In France, for instance, the far right is strongest in the regional southern city of Toulon. In Hungary, the same is true in the regional town of Tiszavasvári. And in the United States, former President Donald Trump was carried to the White House by rural counties in 2016, despite his own roots in New York City.

Here in Australia, the regional town of Bendigo made the news after it was gripped by protests against a proposed mosque in 2015.

In 2020, a teenage chef in the town of Albury was arrested for advocating terrorism, having compared himself to a white supremacist mass murderer, to which he pled guilty.

Recently in Melbourne, a candidate’s corflute was vandalised with racist rhetoric ahead of upcoming local elections.

And this weekend just gone, white supremacists openly held a rally in the country NSW town of Corowa.

One way the academic research community has been trying to understand this is through the concept of ‘translocalism’. Translocalism is an approach for contextualising local political events. It does this by comparing local political narratives with national and even transnational political narratives.

This places local events in the context of its role in the political process overall, thereby challenging the cliché of local elections as the ‘lowest’ form of politics.

Translocalism has informed some great problem-solving already. Given more attention, it could become the strategic foundation of efforts to combat the rise of the far right.

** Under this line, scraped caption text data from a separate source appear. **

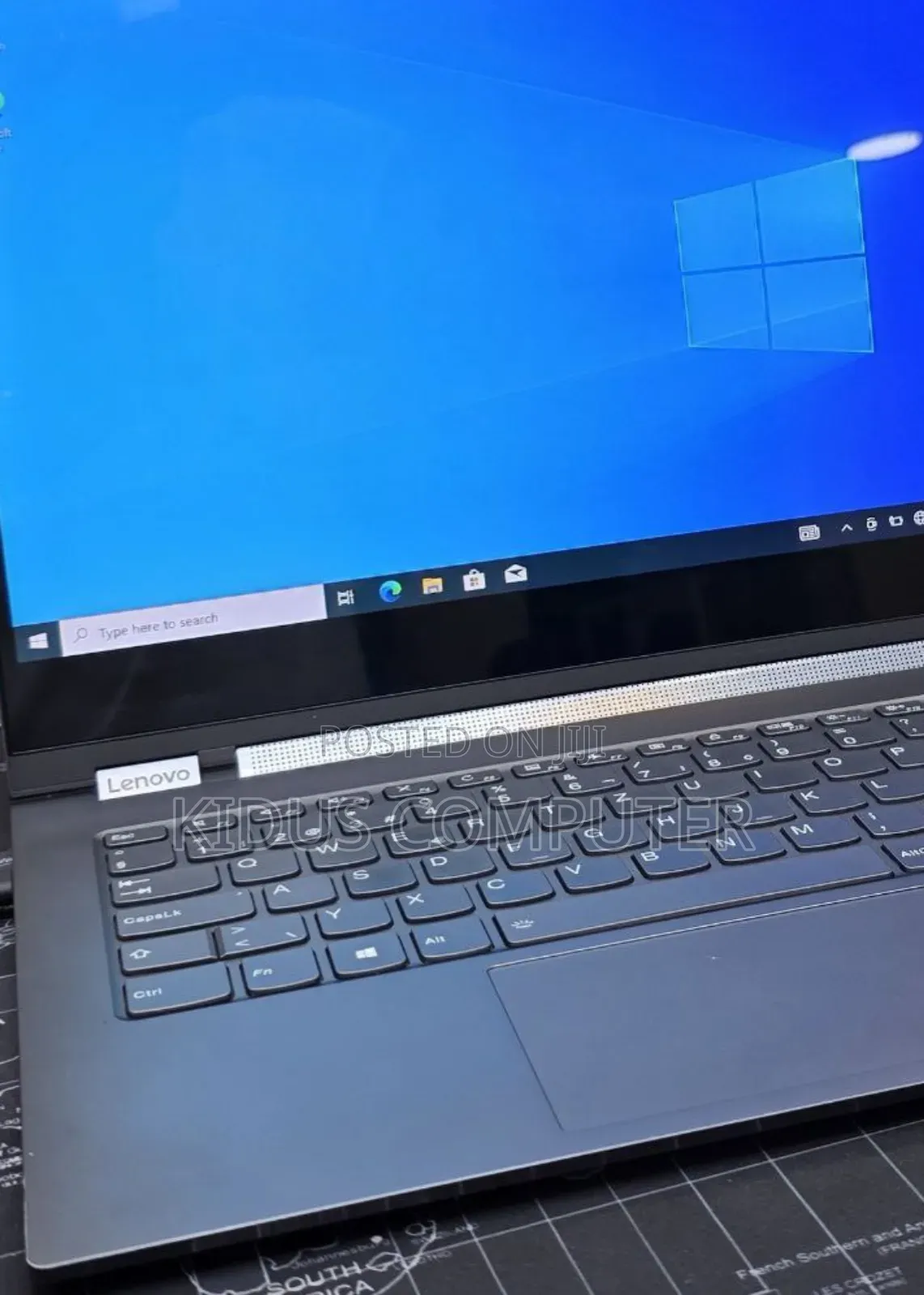 New Laptop Lenovo 16GB Intel Core I7 SSD 512GB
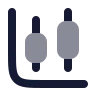 Chart Candlestick icon preview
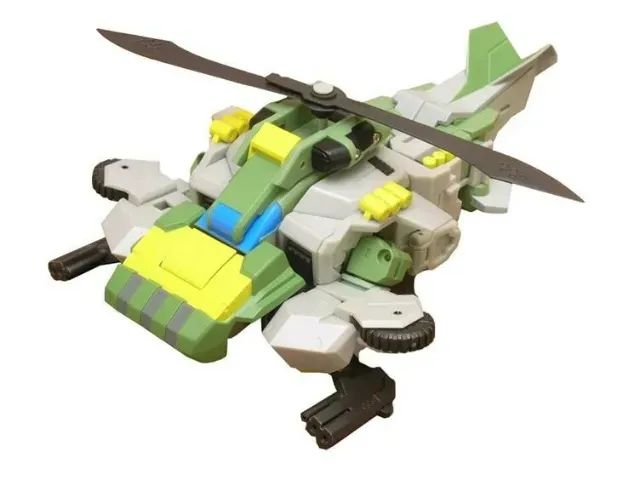 Transformers Fansproject Warbot Defender - Foto 5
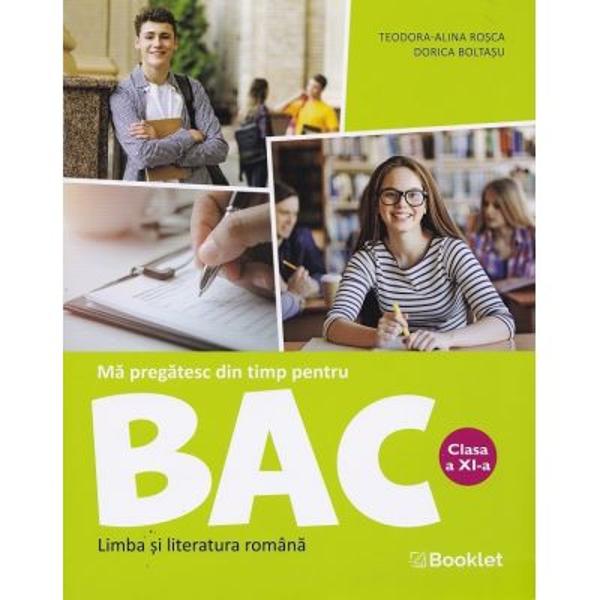 Culegerea contine subiecte destinate elevilor de liceu in conformitate cu modelele Ministerului Educatiei si Cercetarii Textele sunt inspirat alese caracterizate de varietatea si substanta continutului iar itemii sunt bine structurati formulati clar pe o problematica perfect gandita complexa astfel incat obiectivele enuntate in Cuvantul - inainte sa fie atinse de catre elevii clasei a XI - aPrin modul in care este alcatuita subiecte posibile solutii de rezolvare 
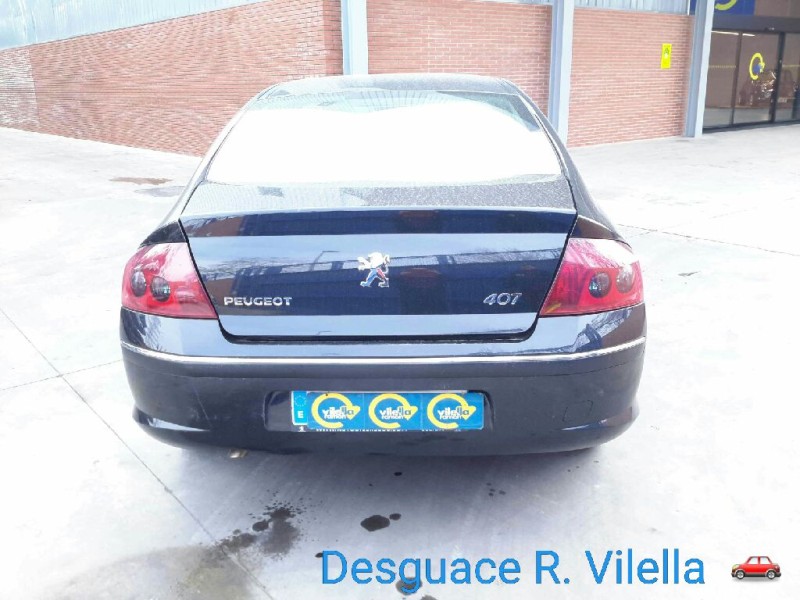 peugeot 407 st confort | 05.04 - 12.05 del año 2005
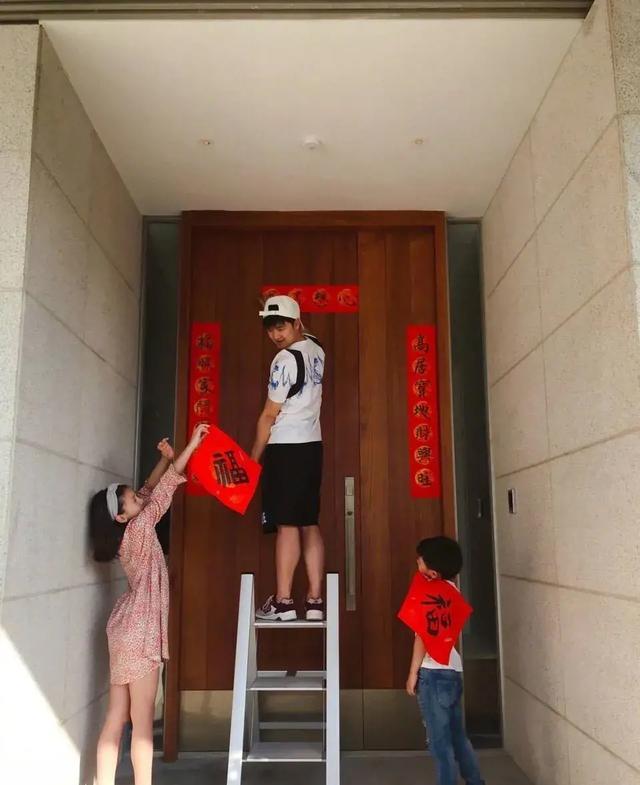 田亮|田亮叶一茜的“豪华别墅”首次曝光!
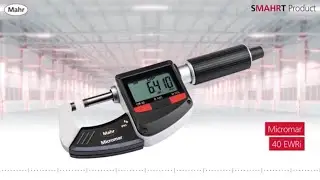 Micromar 40EWRi Digital Micrometers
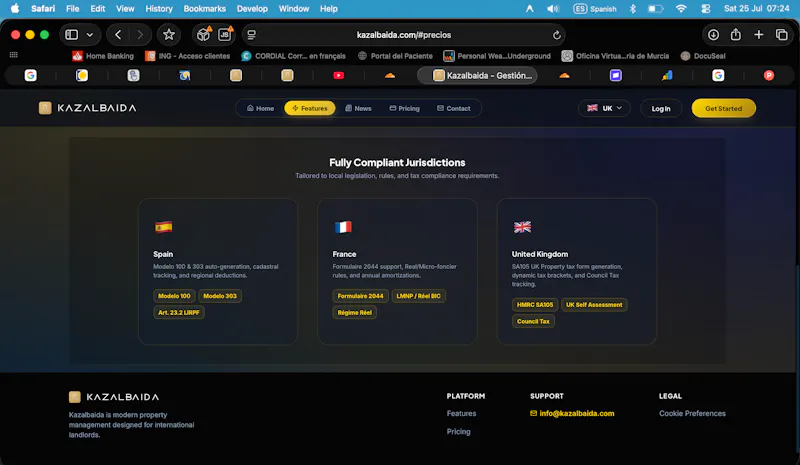 Kazalbaida screenshot 4
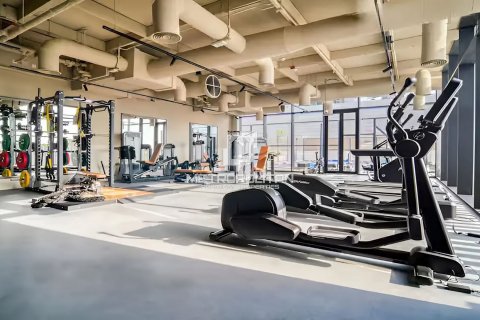 Dzīvoklis Business Bay, Dubaijā, AAE 1 istaba, 60 m2 Nr. 593263 - attēls 9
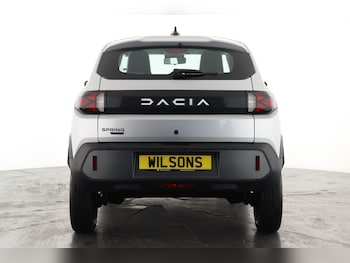 Used Dacia Spring 2025 for sale - 76615176: Photo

But is the far right’s claim that communities should be ‘for the locals’ reflected in own tactics?

Let’s apply translocalism to a recent case: ‘Drag Queen Story Hour’. Its organisers say that Drag Queen Story Hour is an initiative aimed at children to promote literacy and acceptance of gender diversity.

Drag Queen Story Hour is a local event. It happens in a physical place, supported by local advocacy groups, sometimes with help from businesses or the government. But it has become a transnational movement, expanding from its beginnings in San Francisco in 2015 to cities all over North America, Europe and now Australia.

The far right in Australia campaigned against it, importing their rhetoric from similar groups overseas. In 2023, approximately 170 ‘Freedom Movement’ protestors stormed a meeting of Monash City Council in eastern Melbourne to protest Drag Queen Story Hour. Officials had to call police to stop them clashing violently with counter-protestors. Amongst the protesters was United Australia Party Senator Ralph Babet, who has promoted conspiracy theories popular in the United States at our Federal Parliament.

Applying translocalism to the Monash City Council incident would help policymakers find ways to prevent it in future. The approach would highlight that while protest activity is localised – targeting councils, community groups, and spaces like public libraries – it may be fuelled by national and transnational political narratives.

There’s a risk that local politics, overseas and in Australia, could drown in activism fuelled by national and international political narratives. For those hoping to preserve a truly local politics rooted in everyday matters like local service provision, especially in regional and rural Australia, viewing events through the lens of ‘translocalism’ might inform strategies that help.